Foliar Diseases
Rhabdocline Needle Cast
Rhabdocline spp.

Host:  Douglas-fir

Figure 189. Figure 189. Rhabdocline needle cast lesions on 1-year Douglas-fir needles.

Symptoms/signs:  Tiny chlorotic spots on one or both surfaces of first year and occasionally older needles arise in late summer or early autumn. These lesions enlarge and darken to purplish brown spots and bands that are conspicuous by late autumn to early spring. Numerous lesions coalesce and involve the entire needle except for a short basal portion. Discolored foliage is most conspicuous the following spring.

Biology:  Rhabdocline species produce apothecia May through June in needles still attached to the twigs. The apothecia appear as swellings up to several millimeters long and open by splitting the needle surface, usually near the midrib. Ascospores are airborne and penetrate developing needles directly through the cuticle. Only one infection period occurs per year, but it may last several weeks. Needle colonization increases during the fall as symptoms become apparent. Infected needles drop during the winter, making missing foliage the only noticeable sign of disease.

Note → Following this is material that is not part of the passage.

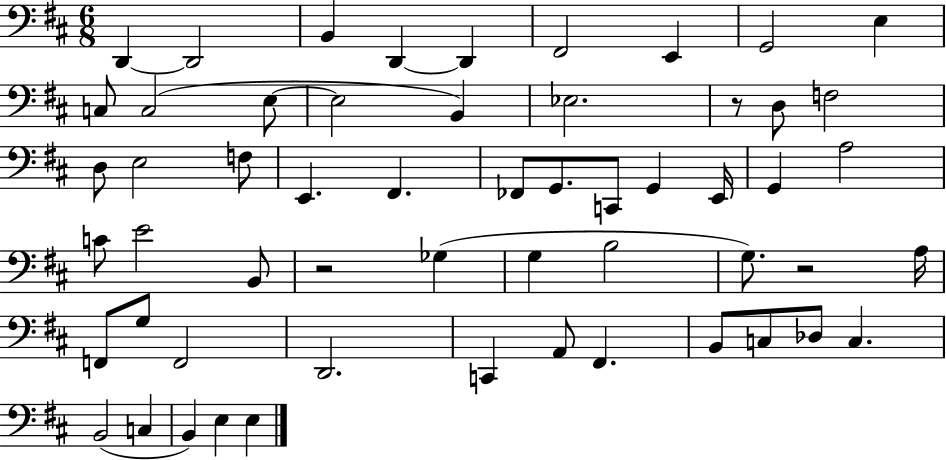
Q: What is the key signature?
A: D major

Figure 190. Figure 190. Needle cast due to Rhabdocline needle cast.

Effects:  This is the most important needle disease of Douglas-fir. Damage can be severe in Christmas tree plantations and ornamental nursery stock. Seedlings infected in nurseries can become foci of subsequent damage in plantations. Occasional outbreaks in forest stands can appear spectacular, but trees usually recover.

Similar Insects and Diseases:  The fruiting body of Rhabdocline may be confused with secondary fungi.